Sensitisation of women on the benefit of improved cookstoves makes an impact in Bangladesh
10 July 2018
How providing clean cooking solutions and gender-sensitive energy access is changing lives
Promotion of clean cooking solutions is a top priority in the current SDG7 review at the High Level Political Forum (New York, 9-18 July 2018).
EnDev Bangladesh has been promoting the use of improved cookstoves under the brand name Bondhu Chula since 2006. Bondhu Chula is an efficient improved cookstove that saves fuel and prevents indoor air pollution by using a chimney. So far, EnDev has helped install 2.5 million Bondhu Chulas in Bangladesh. Since February 2015, Bangladesh Bondhu Foundation (BBF) has been managing the activities of the Bondhu Chula Programme.
Dipali Rani is a user of a Bondhu Chula stove, living in the railway settlement of Netrokona district in the northern part of Bangladesh. Netrokona is densely populated and the way inside is muddy and slippery. Residents of this neighbourhood are very poor.
Disadvantages of traditional inefficient stoves
Dipali is a housewife and mother of two daughters, Puja and Shima, who both attend local schools. Dipali’s husband is a day labourer and the daily family income is low. The family lives in a small room where all their daily activities, such as sleeping, cooking and the children’s homework, take place. Dipali became interested in the Bondhu Chula after being informed about the various disadvantages of traditional inefficient stoves from the staff of BBF. She received information about medical conditions like asthma, headache, cancer and eye diseases. Dipali’s left eye is sensitive to kitchen smoke. She has been suffering from eye problems since childhood. It was impossible for them to study inside the room when the old stove was used. They had to spend a lot of time to collect fuel for cooking, and they used to miss school often.

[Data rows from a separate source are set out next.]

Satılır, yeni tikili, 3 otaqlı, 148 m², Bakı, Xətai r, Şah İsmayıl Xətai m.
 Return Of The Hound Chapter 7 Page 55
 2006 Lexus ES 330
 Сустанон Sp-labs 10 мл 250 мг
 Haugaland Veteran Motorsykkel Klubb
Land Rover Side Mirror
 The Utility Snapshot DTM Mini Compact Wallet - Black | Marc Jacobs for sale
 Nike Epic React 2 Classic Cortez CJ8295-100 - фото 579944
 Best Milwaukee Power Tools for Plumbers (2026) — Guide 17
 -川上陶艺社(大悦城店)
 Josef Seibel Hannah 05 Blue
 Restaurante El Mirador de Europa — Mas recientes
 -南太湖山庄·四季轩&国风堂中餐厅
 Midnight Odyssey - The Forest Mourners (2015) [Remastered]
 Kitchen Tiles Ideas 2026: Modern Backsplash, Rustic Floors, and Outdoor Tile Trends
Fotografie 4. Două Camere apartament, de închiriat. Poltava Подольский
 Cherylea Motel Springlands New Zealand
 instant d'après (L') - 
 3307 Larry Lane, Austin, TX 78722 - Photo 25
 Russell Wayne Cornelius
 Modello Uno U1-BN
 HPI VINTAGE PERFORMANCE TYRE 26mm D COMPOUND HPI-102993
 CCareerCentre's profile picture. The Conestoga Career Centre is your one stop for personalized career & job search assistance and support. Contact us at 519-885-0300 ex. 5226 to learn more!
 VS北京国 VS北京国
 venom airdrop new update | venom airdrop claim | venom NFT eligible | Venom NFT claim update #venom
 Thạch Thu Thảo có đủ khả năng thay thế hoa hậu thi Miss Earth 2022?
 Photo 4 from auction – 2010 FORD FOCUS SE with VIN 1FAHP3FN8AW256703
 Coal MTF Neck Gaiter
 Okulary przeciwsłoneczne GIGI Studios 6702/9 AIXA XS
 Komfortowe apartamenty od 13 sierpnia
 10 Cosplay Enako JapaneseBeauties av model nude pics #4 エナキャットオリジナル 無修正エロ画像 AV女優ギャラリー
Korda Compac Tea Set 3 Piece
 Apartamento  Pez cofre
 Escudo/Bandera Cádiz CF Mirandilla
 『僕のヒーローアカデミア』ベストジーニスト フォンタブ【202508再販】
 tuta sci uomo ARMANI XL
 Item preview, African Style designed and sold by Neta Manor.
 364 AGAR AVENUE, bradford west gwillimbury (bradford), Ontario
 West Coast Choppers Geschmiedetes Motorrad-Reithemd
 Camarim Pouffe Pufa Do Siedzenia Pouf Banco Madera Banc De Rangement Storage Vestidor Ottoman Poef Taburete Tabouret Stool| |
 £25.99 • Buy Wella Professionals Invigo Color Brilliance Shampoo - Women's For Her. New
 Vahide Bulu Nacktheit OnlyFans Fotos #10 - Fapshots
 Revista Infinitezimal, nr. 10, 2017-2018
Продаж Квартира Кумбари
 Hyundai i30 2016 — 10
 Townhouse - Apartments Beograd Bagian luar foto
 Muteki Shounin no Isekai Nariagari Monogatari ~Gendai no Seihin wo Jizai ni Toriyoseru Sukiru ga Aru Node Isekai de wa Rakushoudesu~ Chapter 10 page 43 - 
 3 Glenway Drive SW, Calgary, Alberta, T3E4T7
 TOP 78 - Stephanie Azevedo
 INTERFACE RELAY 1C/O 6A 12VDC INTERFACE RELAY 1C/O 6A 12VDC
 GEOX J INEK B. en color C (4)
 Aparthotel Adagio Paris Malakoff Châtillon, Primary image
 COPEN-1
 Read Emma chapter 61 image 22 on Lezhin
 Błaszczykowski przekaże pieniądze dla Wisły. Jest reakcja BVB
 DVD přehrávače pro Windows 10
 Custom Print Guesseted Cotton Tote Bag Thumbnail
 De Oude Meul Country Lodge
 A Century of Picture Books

Pollution free improved cookstove
The family decided to buy the improved cookstove and today, a chimney of the Bondhu Chula can be seen on the roof of their house. When cooking, the indoor air remains pollution free because the smoke goes out through the chimney. Dipali says that over the last year she saved BDT 2000 (approx. EUR 20) in fuel costs. She does not have any eye problems anymore and her daughters can study inside the house all the time. For more information on the country project, see the page Bangladesh.
Since 2005, the EnDev programme has provided 14.4 million household members with improved cooking solutions and as a result reduced exposure to indoor air pollution for 7 million women, children and men.